### WHAT YOU SHOULD DO
Starting from the line containing "Honee Purple Double", give again every line through the end of the entries, word for word. Pictures stay out of the copy.

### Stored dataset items
####################
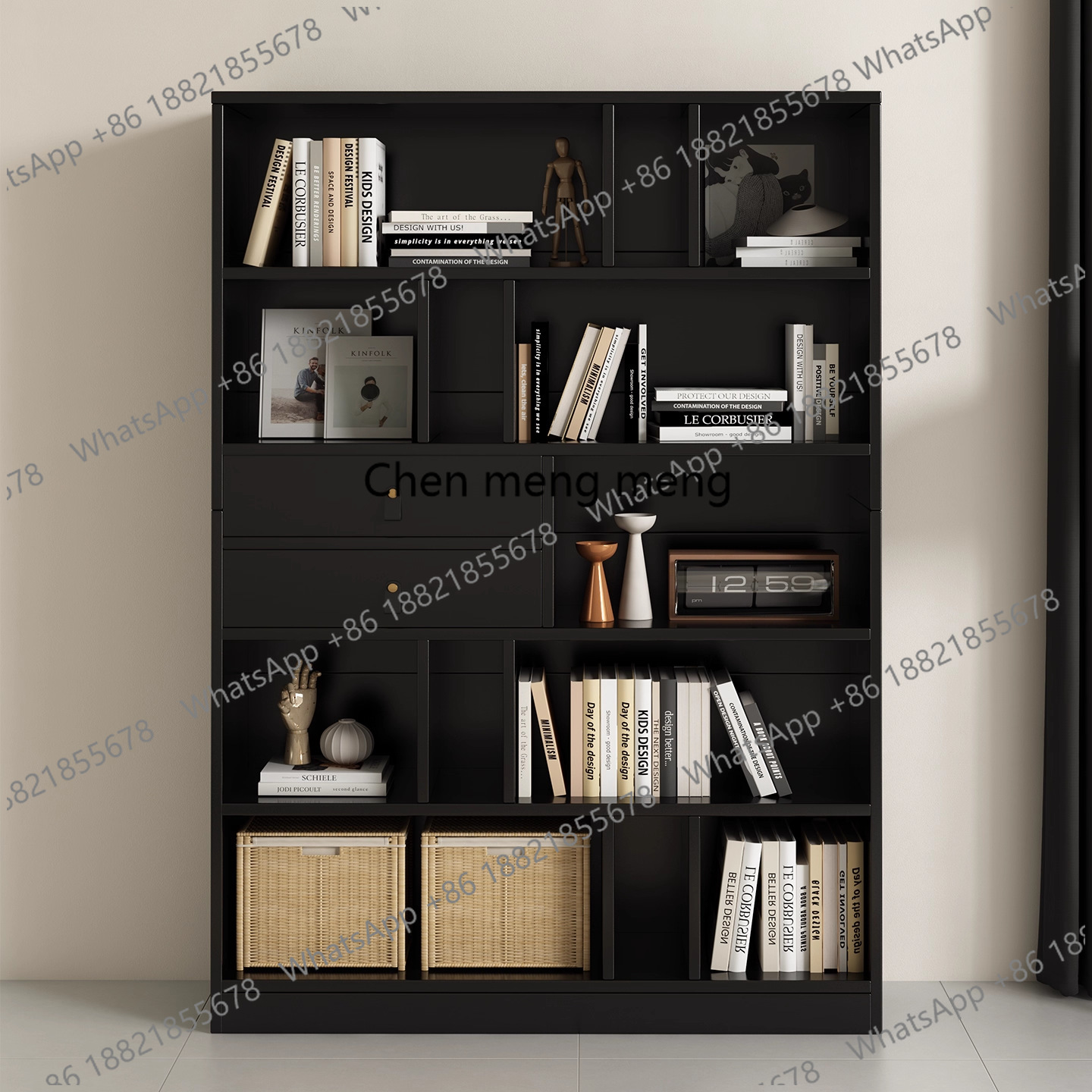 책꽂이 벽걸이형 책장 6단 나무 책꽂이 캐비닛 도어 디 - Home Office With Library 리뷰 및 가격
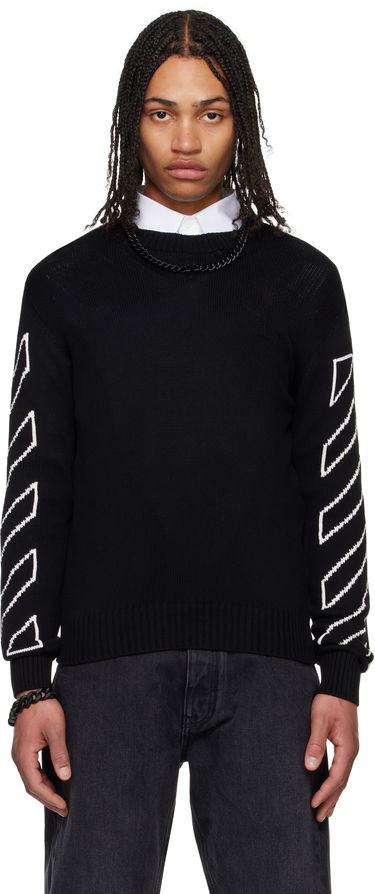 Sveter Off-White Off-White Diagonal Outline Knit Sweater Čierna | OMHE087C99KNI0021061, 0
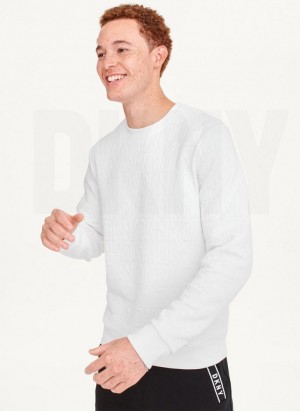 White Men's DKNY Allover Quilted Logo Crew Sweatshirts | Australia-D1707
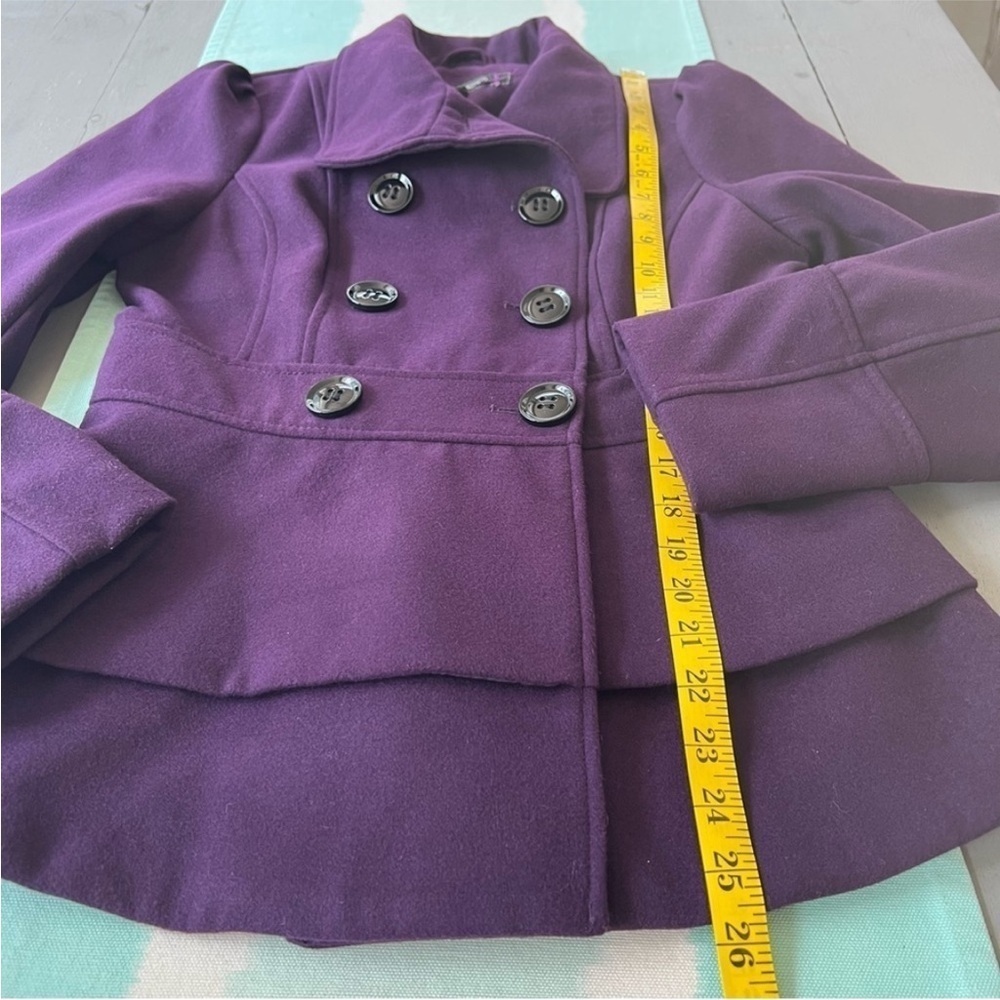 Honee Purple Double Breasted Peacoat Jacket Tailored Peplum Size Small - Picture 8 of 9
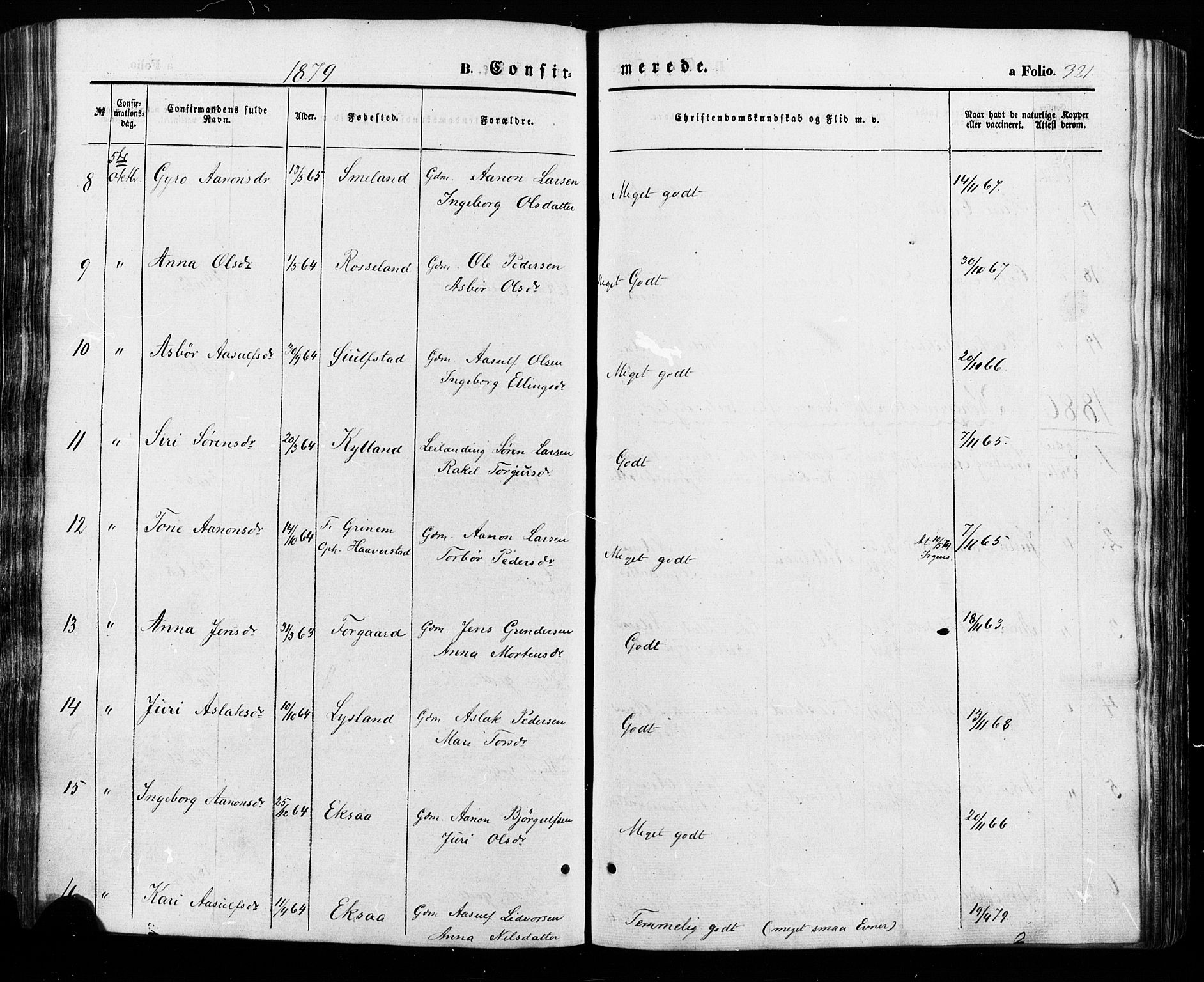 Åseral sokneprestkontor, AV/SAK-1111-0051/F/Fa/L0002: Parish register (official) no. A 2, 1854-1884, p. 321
####################
### YOUR SOLUTION
 Honee Purple Double Breasted Peacoat Jacket Tailored Peplum Size Small - Picture 8 of 9
 Åseral sokneprestkontor, AV/SAK-1111-0051/F/Fa/L0002: Parish register (official) no. A 2, 1854-1884, p. 321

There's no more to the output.